→ What to do
Extract the records in full, leaving every picture out.

→ Material for this task
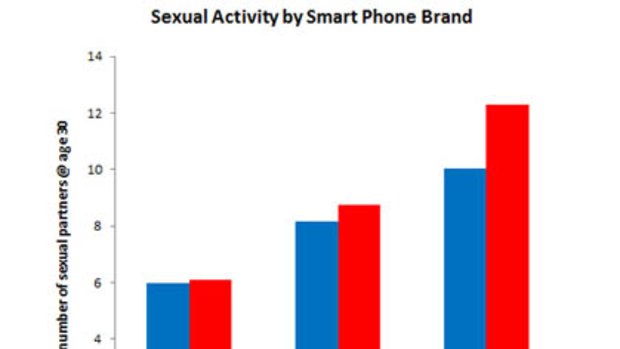 Sexual activity by smartphone brand.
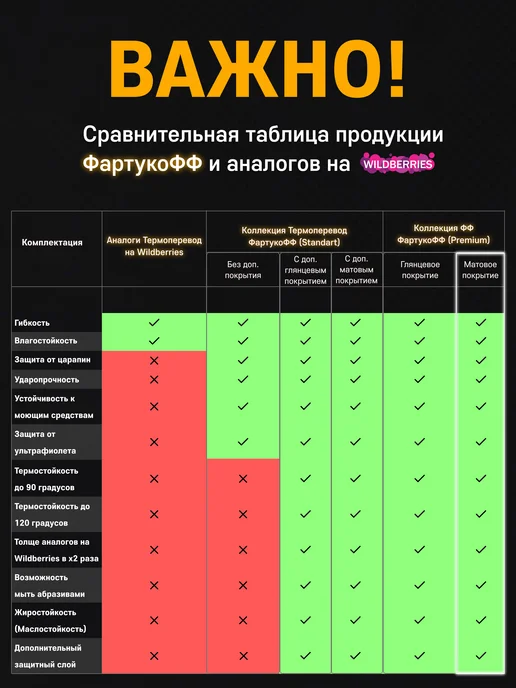 WallWell Фартук кухонный на стену панель, голубой, фото 4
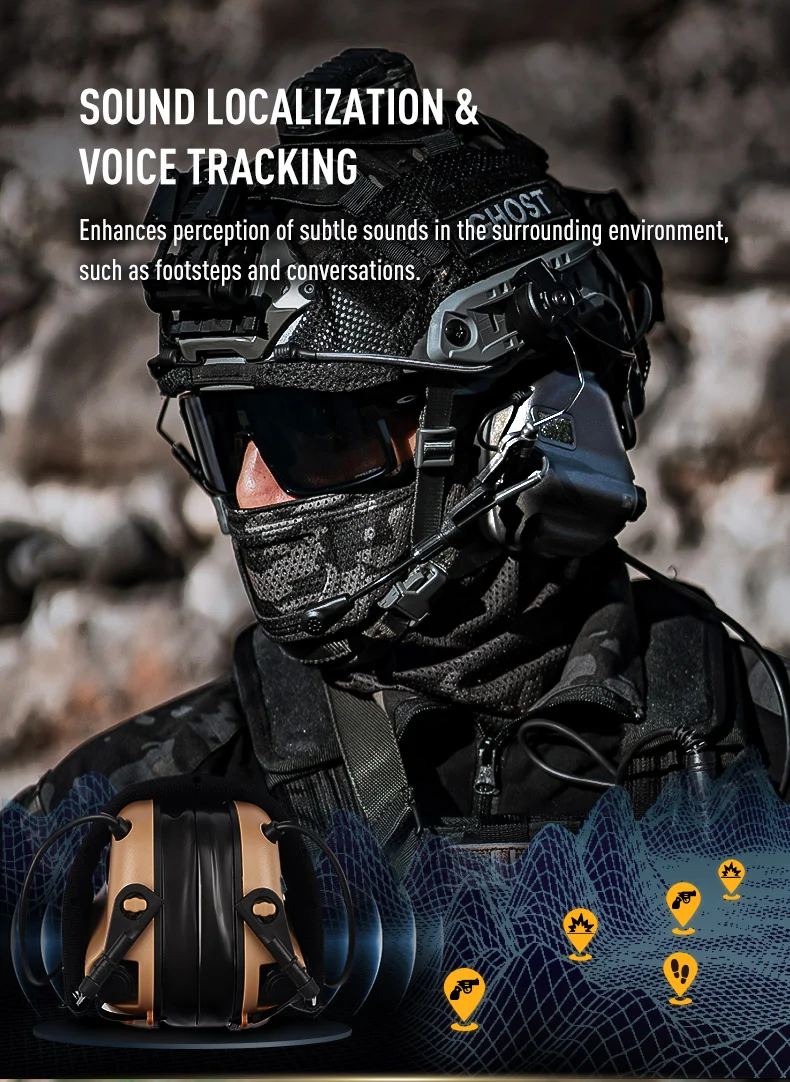 M32 PLUS for sound localization and voice tracking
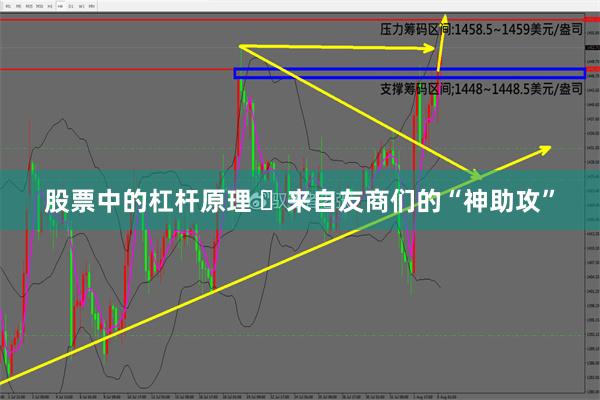 股票中的杠杆原理 ​来自友商们的“神助攻”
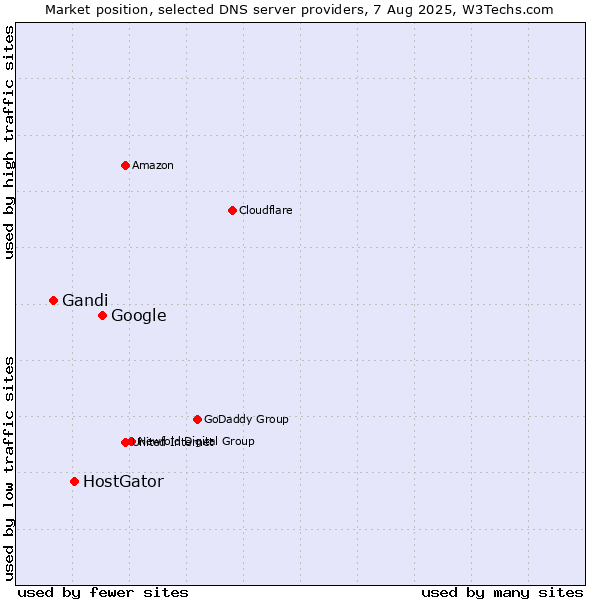 Market position of Google vs. HostGator vs. Gandi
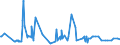 KN 85271310 /Exporte /Einheit = Preise (Euro/Bes. Maßeinheiten) /Partnerland: Moldau /Meldeland: Europäische Union /85271310:Rundfunkempfangsgeräte, die Ohne Externe Energiequelle Betrieben Werden Können, Kombiniert mit Tonwiedergabegerät mit Laser-tonabnehmersystem (Ausg. Radiokassettengeräte im Taschenformat)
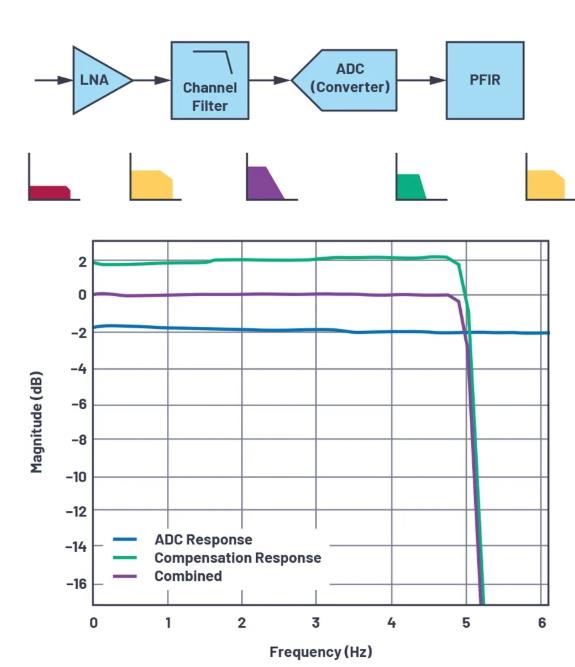 改進(jìn)寬帶多通道系統(tǒng)，集成強(qiáng)化型DSP幫您搞掂~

→ Solution to this task
 Sexual activity by smartphone brand.
 WallWell Фартук кухонный на стену панель, голубой, фото 4
 M32 PLUS for sound localization and voice tracking
 股票中的杠杆原理 ​来自友商们的“神助攻”
 Market position of Google vs. HostGator vs. Gandi
 KN 85271310 /Exporte /Einheit = Preise (Euro/Bes. Maßeinheiten) /Partnerland: Moldau /Meldeland: Europäische Union /85271310:Rundfunkempfangsgeräte, die Ohne Externe Energiequelle Betrieben Werden Können, Kombiniert mit Tonwiedergabegerät mit Laser-tonabnehmersystem (Ausg. Radiokassettengeräte im Taschenformat)
 改進(jìn)寬帶多通道系統(tǒng)，集成強(qiáng)化型DSP幫您搞掂~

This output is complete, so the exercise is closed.